Leitmotif

Reason as the Leading Motive

Happiness

Posted by Jerry on December 13, 2006

Happiness, in Ayn Rand’s words, is the emotional reward for the achievement of one’s values. Depending on one’s perspective and how well one has integrated the various principles of the philosophy, this definition of happiness can be either very expansive or very narrow.

It can be narrow in the sense that the implication is one is happy only when certain values are achieved; it can be described as a staccato emotional experience that peaks at certain points in one’s life and then drops. For example, I experience happiness when I secure a good job.

However, an added implication is that happiness is not possible to the irrational or the hedonist. Which in turn implies that values need to be rational values, i.e., in accordance with one’s life as the standard of judgement, in order to lead to the emotional reward of happiness.

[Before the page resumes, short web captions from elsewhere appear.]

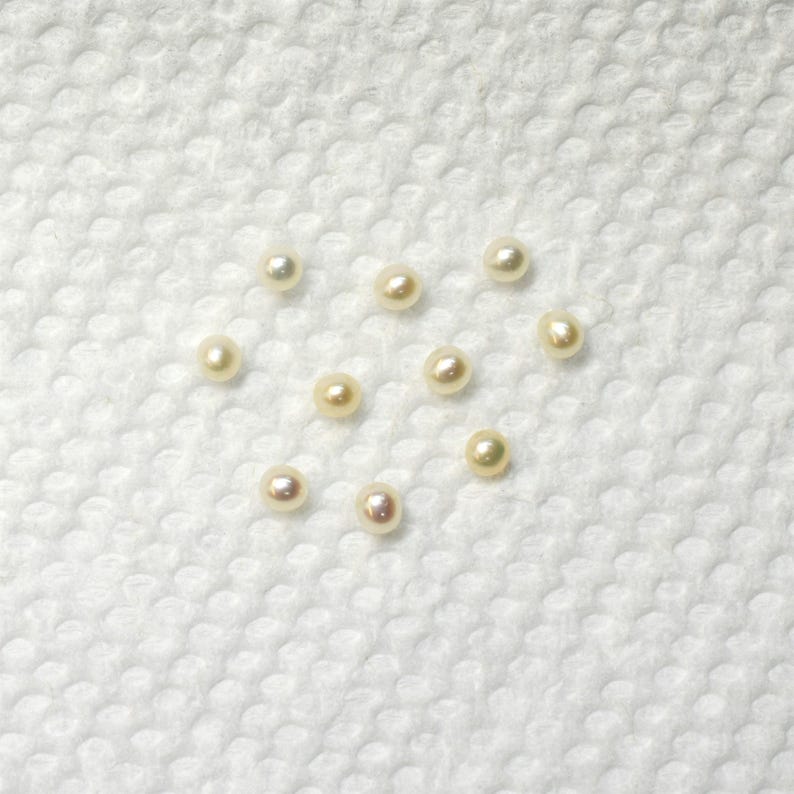 May include: A collection of ten white pearls of various sizes, arranged in a heart shape on a white textured surface.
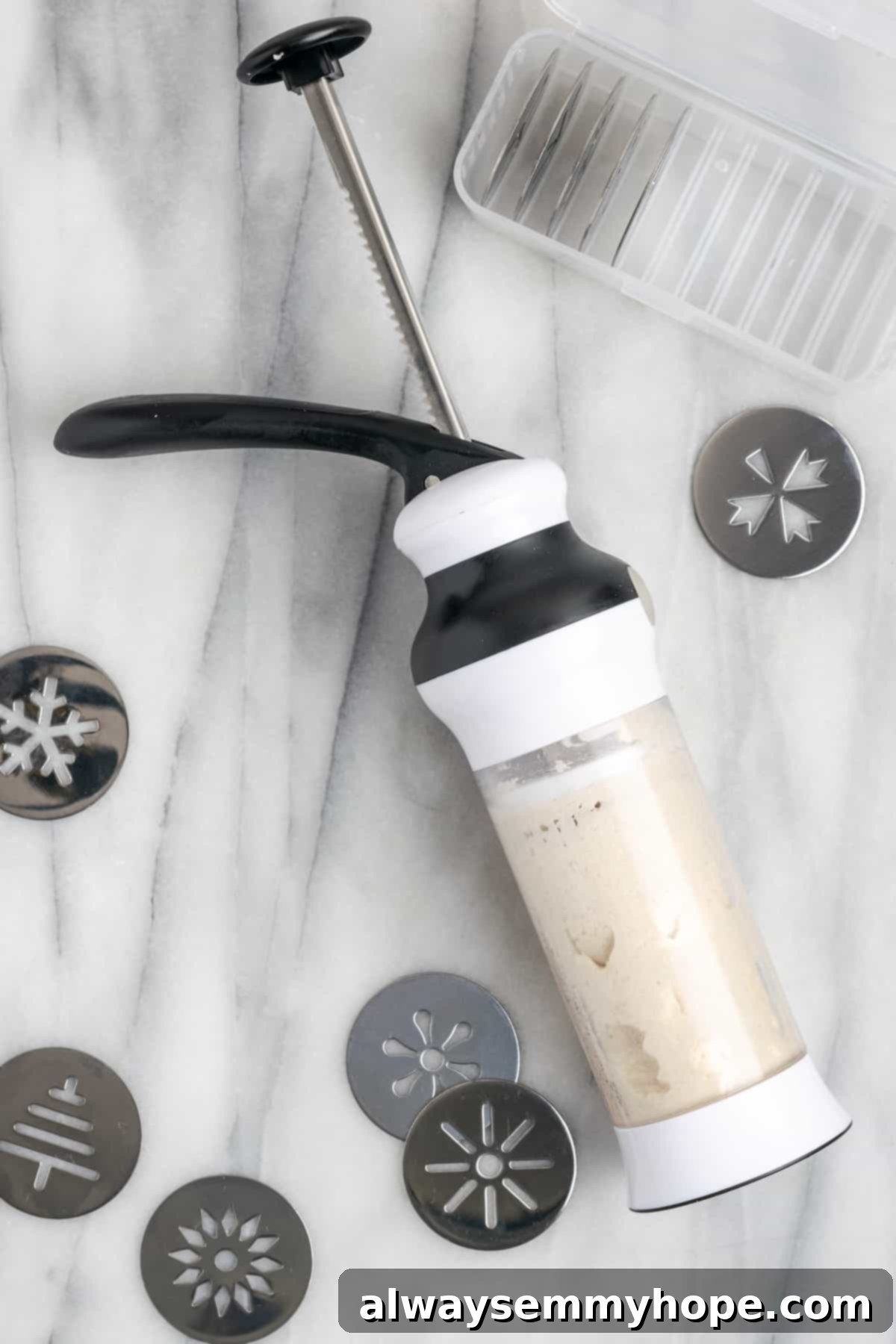 This buttery vegan spritz cookies recipe is fun to make and eat, and the cookies are moist, tender, and full of almond and vanilla flavor. A spritz gun filled with cookie dough, with various tips surrounding it, demonstrating the tool in action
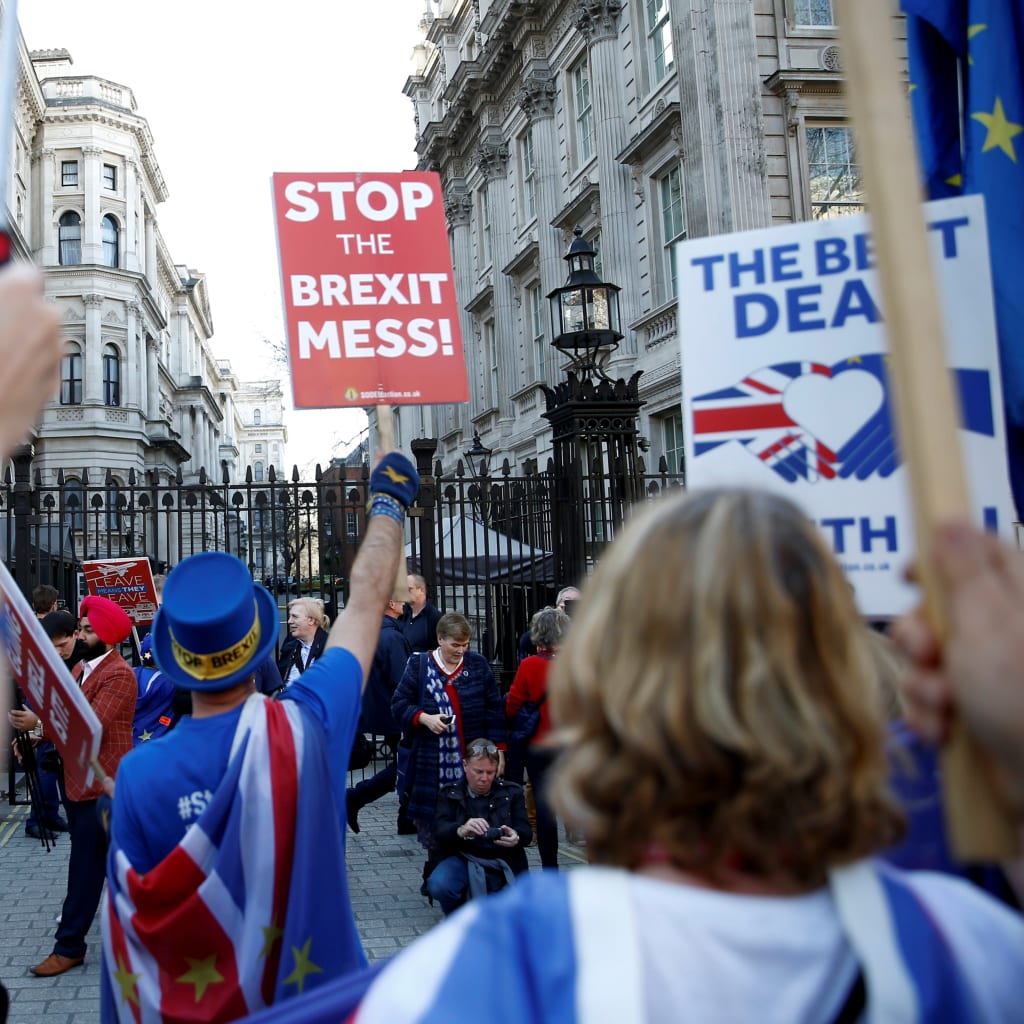 <p>Anti-Brexit protesters shout outside Downing Street in London.</p>
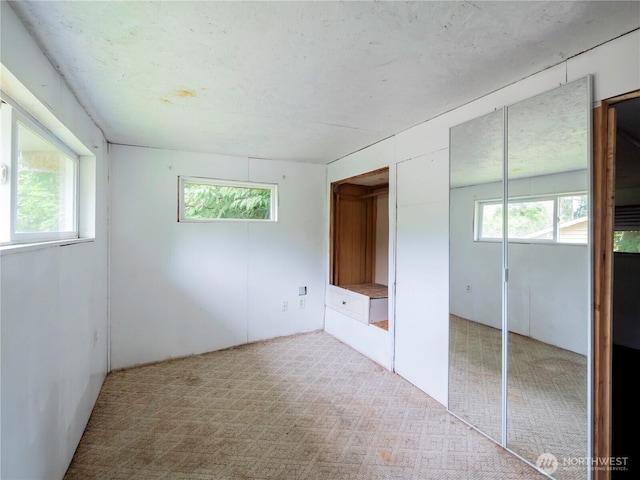 9712 Channel Dr NW, Olympia, WA 98502 - unfurnished bedroom featuring multiple windows and carpet floors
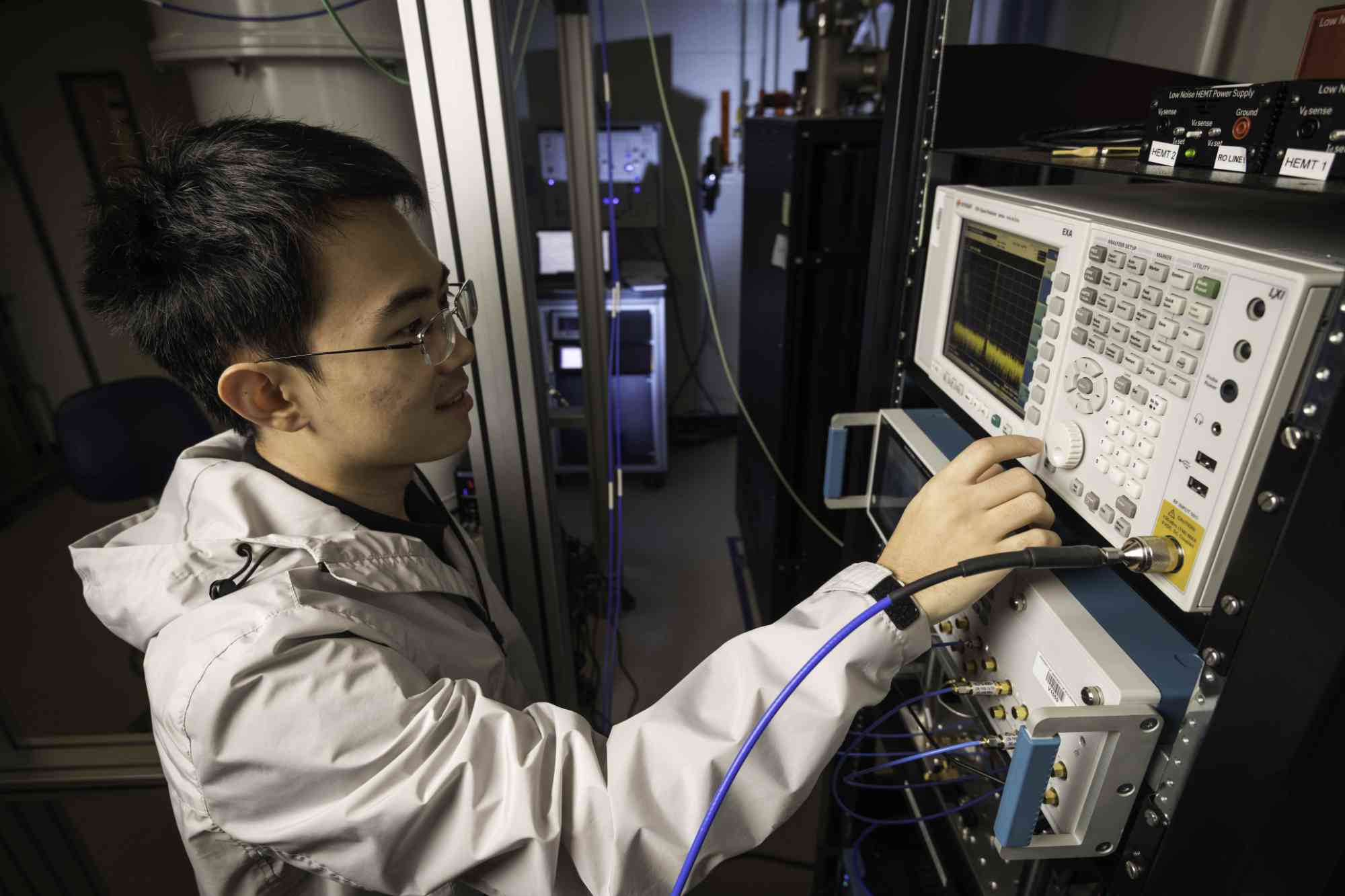 Graduate student working on a microwave control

To me, the definition of happiness that Ayn Rand offers is very expansive. When I consider the notion that happiness is the reward for achieving rational values, I think of the warm and serene feeling I get in knowing that I can pursue my values with no unearned guilt; I think of the confident serenity with which I know that my conceptual and rational faculties are competent tools for my survival and flourishment on this Earth. My emotional reward of happiness comes in the form of the feeling I get when I know that regardless of how much evil I see in this world, regardless of how unpleasant my current conditions might be, I know that I am an efficacious being; I know that man is an efficacious and causal agent. I know that the metaphysical nature of existence is one that is benevolent–that nature opens itself up to the actions of men and that nature can be known, studied, commanded, and channeled according to the directions set by man’s mind. I know that evil and suffering are aberrations, not the norm and that they can be significantly minimized or eliminated entirely.

My emotional feeling of happiness–while it may have its moments of peaks and lows–maintains a steady state throughout because every living moment for me is an achievement of my greatest value: life itself. I have come to realize that life is not an automatic, intrinsic value. Therefore, I am happy to have the knowledge that permits me to fully and profoudly appreciate the fact of my existence (which is precisely what makes it a value), the fact of the existence of this world and my life in it, the fact of my abilities to live competently in this world, and the fact of my freedom to enjoy living this life for my own sake and my own purpose in this world!

In We The Living, Kira Argounova lives all her life under the oppressive regime of the Soviets. She finds her egoistic spirit being choked and stomped upon; she later loses the love of the only man she worships in her whole world. At the climax of the novel, Kira is left bleeding to death alone in the middle of a cold Siberian desert. And yet, despite all of that, as she watches her blood seep and blot the white snow, the novel ends with Kira smiling in triumph for she knows what life and living properly should be.

The proper human spirit–as man is both and equally body and spirit–will not be defeated or doomed to agony by even the worst of chance events by nature or the evil of other people because such a spirit is committed not to suffering but to the fight against suffering, and all the while, knowing that he is efficacious, the world is relents to his mind, and that happiness–not suffering–is the emotional state proper to a human being.

Ayn Rand offers a definition of happiness. One can either interpret it as the most narrow and naive definition of an emotion–as one that peaks and drops depending on whether one achieves or loses one’s values. Or one can understand the profundity of its true meaning by realizing that Ayn Rand had in fact offered the entirety of her philosophy of Objectivim itself as the definition of happiness.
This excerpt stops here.